Rob Rachwald, vice president at Veza, says, “In 2026, a high-profile breach will trace back not to a human, but to an AI agent or machine identity with excessive, unsupervised access. As enterprises integrate AI copilots, pipelines, and autonomous agents into production systems, a single misconfigured token or overprivileged API key will expose sensitive data at scale. This will mark a turning point: identity programs will expand from human governance to AI identity governance: enforcing authentication, behavior baselines, and least-privilege policies for every algorithm that acts on behalf of the business.”

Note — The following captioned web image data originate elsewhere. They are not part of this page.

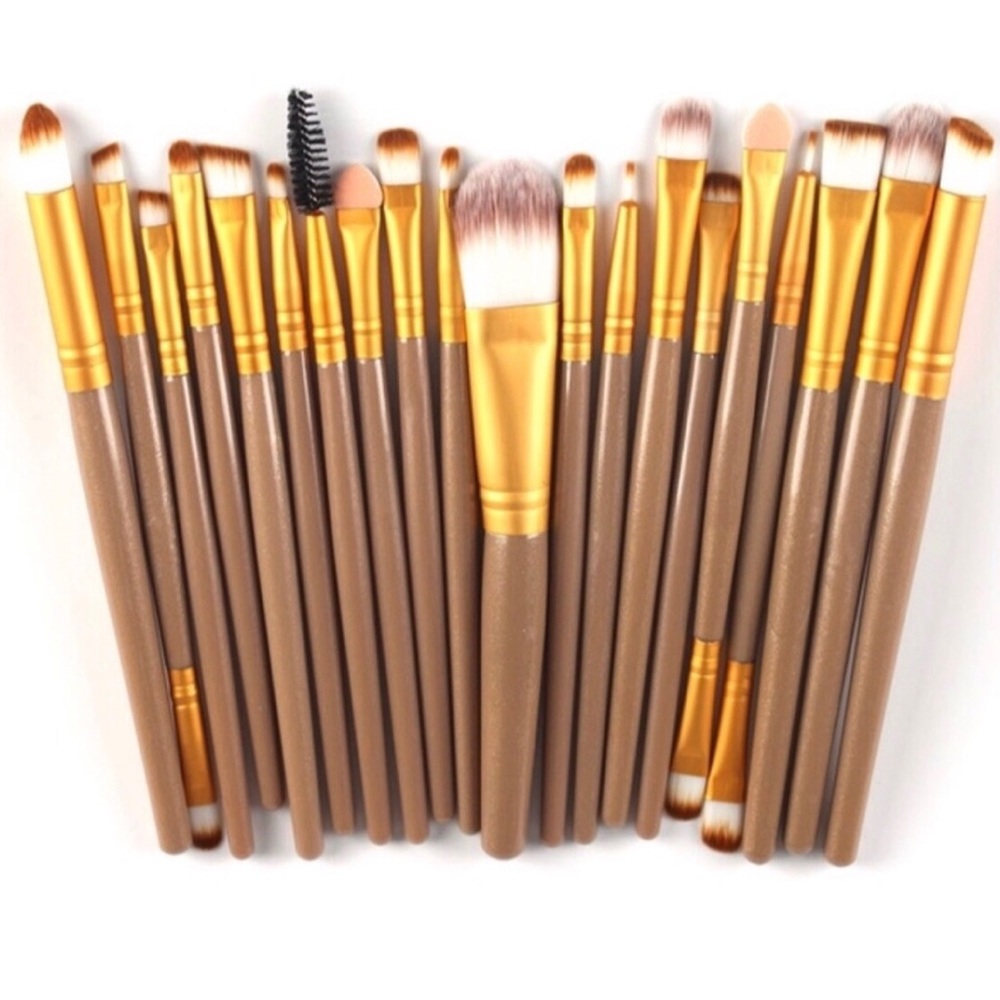 Twenty Makeup Brush Set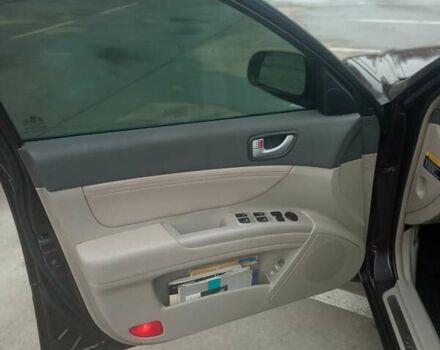 Коричневый Хендай Соната, объемом двигателя 2.4 л и пробегом 408 тыс. км за 5300 $, фото 7 на Automoto.ua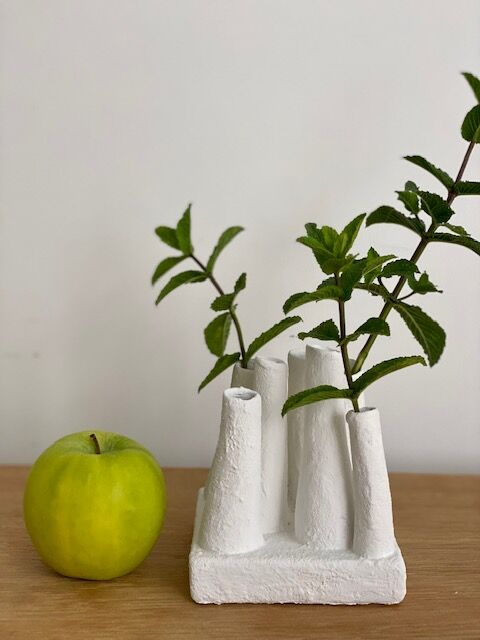 Vase pique flower with matte whitened pipe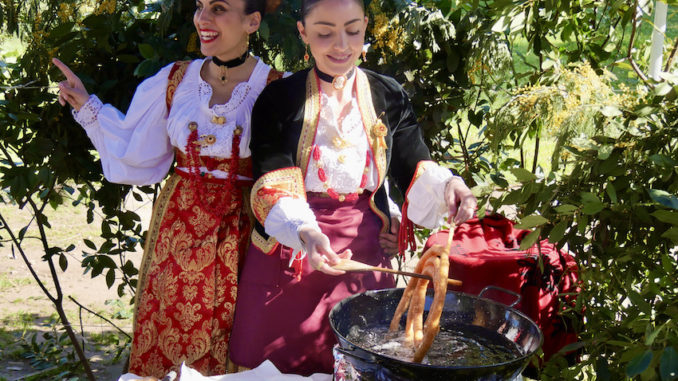 Zippole in Scuderia Zippole in Scuderia zur Sartiglia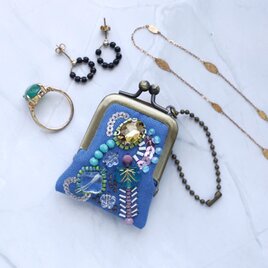 小さなビーズ刺繍のがま口 No.103｜ロイヤルブルー×ガーゼ｜ネックレス・バッグチャームにも｜アクセサリーケース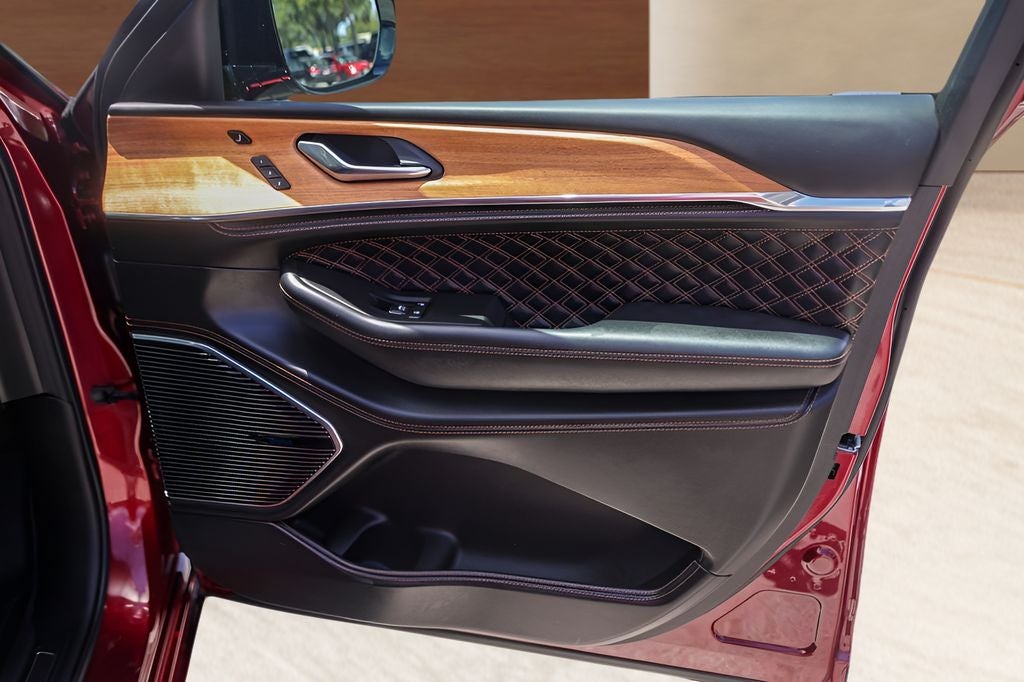 2025 Jeep Grand Cherokee Summit Reserve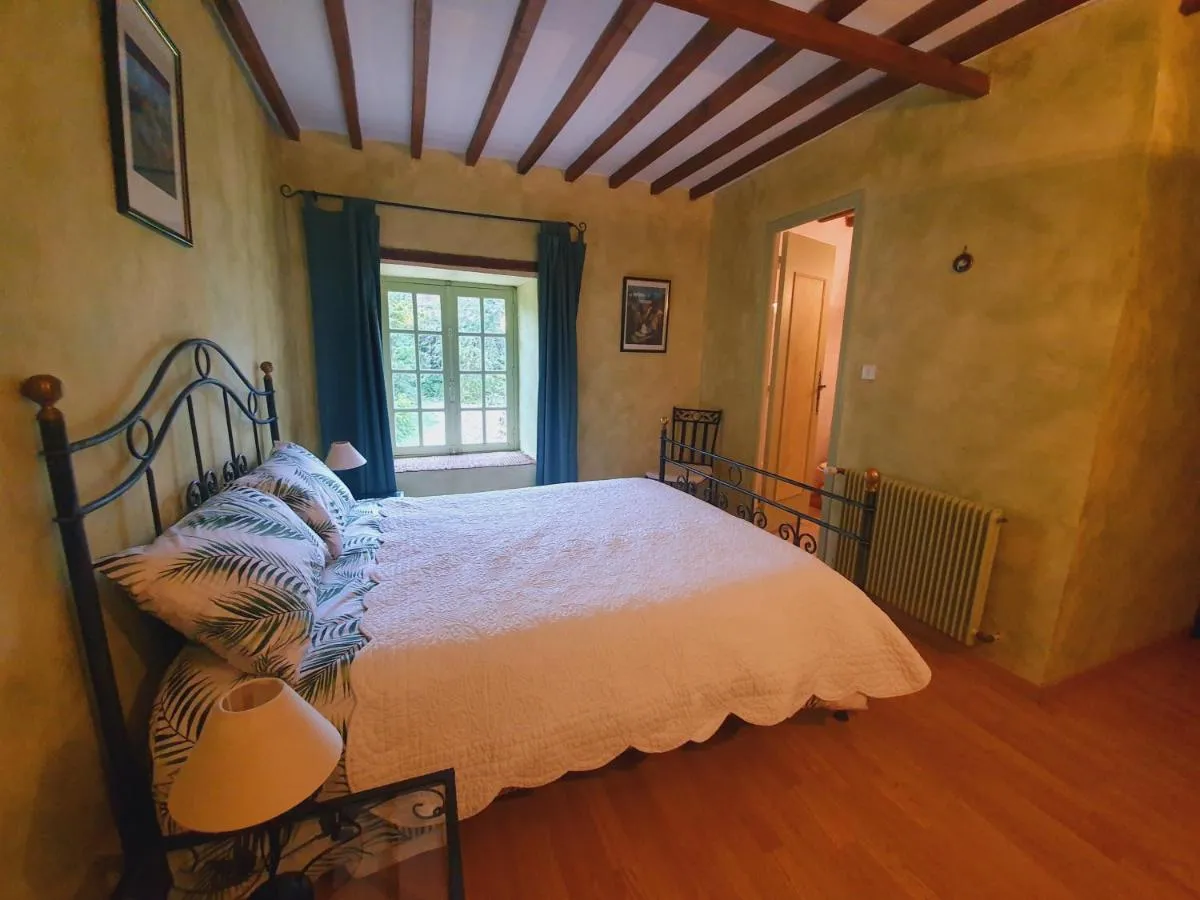 Gateau Stables, Saint-Amand-en-Puisaye : image 4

Cyber threats will target global events says Lina Dabit, field CISO at Optiv, “2026 will be a challenging year because of several global events that will create significant opportunities for nation-state actors, cybercriminals, and hacktivists. Expect that FIFA 2026 across North America, the Super Bowl, the Winter Olympics in Italy, and the US mid-term elections will all be targeted by multiple groups -- and likely at the same time.”

Resilience senior technical security advisor, Chuck Norton, says:

Attackers won’t need to change their social engineering playbooks in 2026; AI will simply help them do the same things better. The human element is still the weakest link, and as generative tools improve, it’s becoming even easier to craft convincing lures. Even as new threats emerge, tricking someone into clicking a link or sharing access will remain the most reliable and profitable entry point.

Attackers will use AI to identify vulnerabilities and automate parts of the extortion process, making operations faster and more profitable. But the real story in 2026 will be about efficiency, not novelty. The fundamentals haven’t changed -- if there’s money to be made, threat actors will find a way to make it.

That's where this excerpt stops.